En Turquie, comment le régime d’Erdogan a bâti un capitalisme de connivence
En moins d’un quart de siècle, la formation islamo-conservatrice du président turc, Recep Tayyip Erdogan, a donné les clés de l’économie du pays à un cercle restreint issu d’une classe d’affaires loyale et de relations clientélistes.
Il n’imaginait certainement pas provoquer, en pareil contexte politique déjà suffisamment troublé, une telle vague d’indignation. Lorsque Gökhan Günaydin, député et vice-président du groupe parlementaire du Parti républicain du peuple (CHP), principal parti d’opposition de Turquie, brandit devant ses pairs à l’Assemblée, le 12 mars, à Ankara, une pancarte sur laquelle figurent 15 portraits d’hommes et de femmes, tous membres du directoire du géant et fleuron national Turkish Airlines, l’auditoire fait comme si de rien n’était. Quelques applaudissements viendront timidement clore une intervention où il aura été question de beaucoup de chiffres et d’argent. Et puis rien, aucune réaction.

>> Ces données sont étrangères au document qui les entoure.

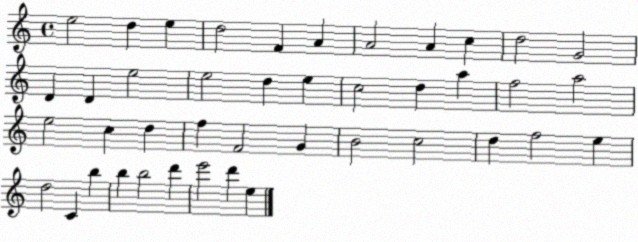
X:1
T:Untitled
M:4/4
L:1/4
K:C
e2 d e d2 F A A2 A c d2 G2 D D e2 e2 d e c2 d a f2 a2 e2 c d f F2 G B2 c2 d f2 e d2 C b b b2 d' e'2 d' e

L’effet aura lieu ailleurs. En quelques jours, les images de cette prise de parole seront visionnées par des centaines de milliers d’internautes. Celles-ci montrent l’élu d’Istanbul égrener des noms, des postes et le montant des émoluments accordés par la compagnie aérienne. Plus de 40 000 euros de salaire mensuel pour les plus hauts cadres, soit dix ans de revenus cumulés pour un retraité turc, a calculé le député, diplômé de droit et d’économie. Selon ses dires, la compagnie publique débourse plus de 400 000 euros par mois, indemnités comprises, pour les 15 dirigeants. Une somme non négligeable, comparée au salaire minimum turc, qui s’élève à 33 030 livres turques brut par mois (617 euros brut), perçu par près d’un salarié sur deux.

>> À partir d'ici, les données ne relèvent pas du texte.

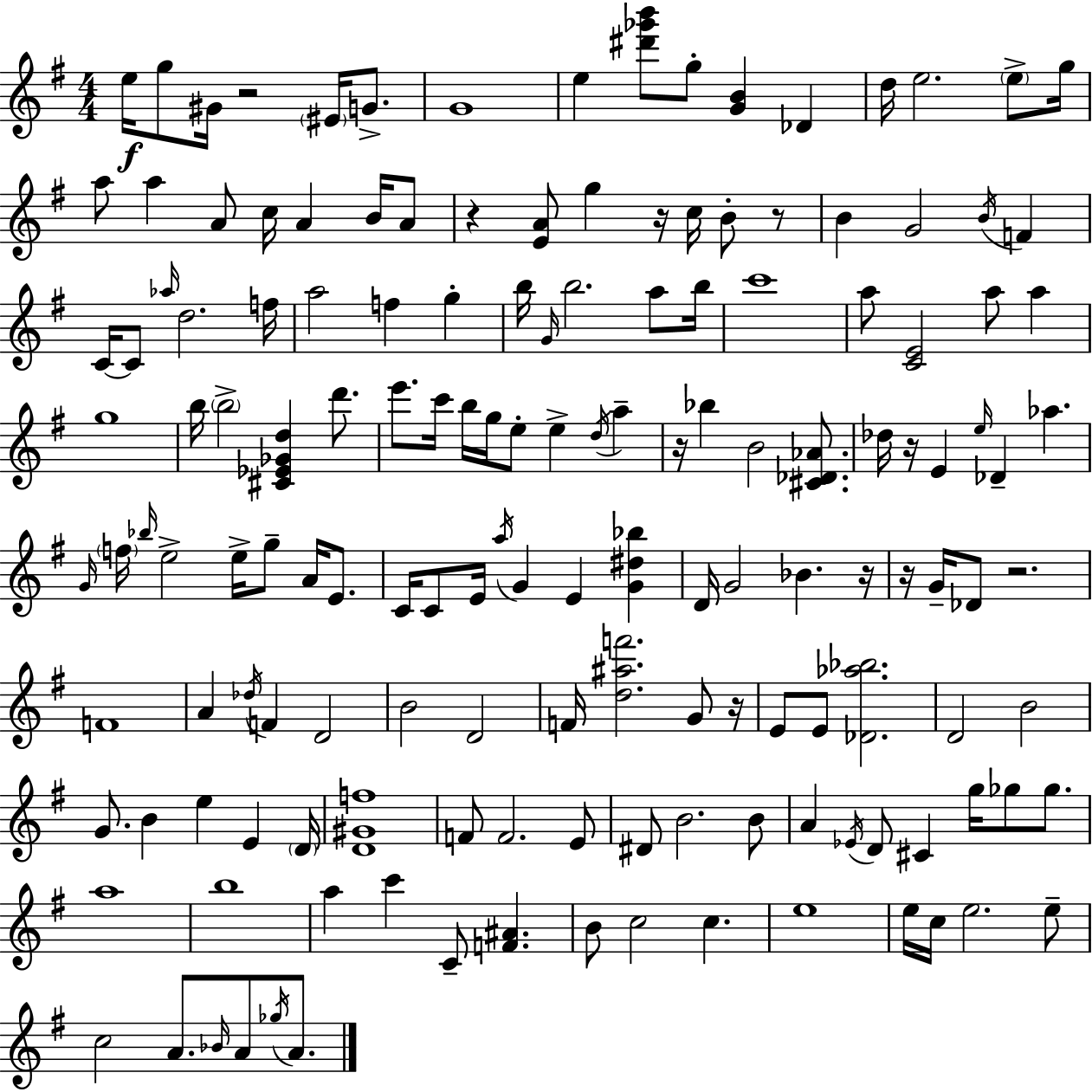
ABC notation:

X:1
T:Untitled
M:4/4
L:1/4
K:Em
e/4 g/2 ^G/4 z2 ^E/4 G/2 G4 e [^d'_g'b']/2 g/2 [GB] _D d/4 e2 e/2 g/4 a/2 a A/2 c/4 A B/4 A/2 z [EA]/2 g z/4 c/4 B/2 z/2 B G2 B/4 F C/4 C/2 _a/4 d2 f/4 a2 f g b/4 G/4 b2 a/2 b/4 c'4 a/2 [CE]2 a/2 a g4 b/4 b2 [^C_E_Gd] d'/2 e'/2 c'/4 b/4 g/4 e/2 e d/4 a z/4 _b B2 [^C_D_A]/2 _d/4 z/4 E e/4 _D _a G/4 f/4 _b/4 e2 e/4 g/2 A/4 E/2 C/4 C/2 E/4 a/4 G E [G^d_b] D/4 G2 _B z/4 z/4 G/4 _D/2 z2 F4 A _d/4 F D2 B2 D2 F/4 [d^af']2 G/2 z/4 E/2 E/2 [_D_a_b]2 D2 B2 G/2 B e E D/4 [D^Gf]4 F/2 F2 E/2 ^D/2 B2 B/2 A _E/4 D/2 ^C g/4 _g/2 _g/2 a4 b4 a c' C/2 [F^A] B/2 c2 c e4 e/4 c/4 e2 e/2 c2 A/2 _B/4 A/2 _g/4 A/2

Plus gênant encore, l’élu relève les liens qui unissent ces dirigeants avec le pouvoir en place. Ainsi, poursuit-il, le président du conseil d’administration de Turkish Airlines, Ahmet Bolat, se trouve être le frère du ministre du commerce, Ömer Bolat. Un des directeurs généraux adjoints de la compagnie, Murat Seker, est le gendre de la sœur du président Erdogan. Tandis qu’un autre, Abdulkerim Çay, a obtenu son diplôme au lycée imam hatip (établissement public destiné à la formation du personnel religieux) de Kartal, sur la rive asiatique d’Istanbul, au cours de la même période que Bilal Erdogan, fils cadet du chef de l’Etat et potentiel successeur de ce dernier.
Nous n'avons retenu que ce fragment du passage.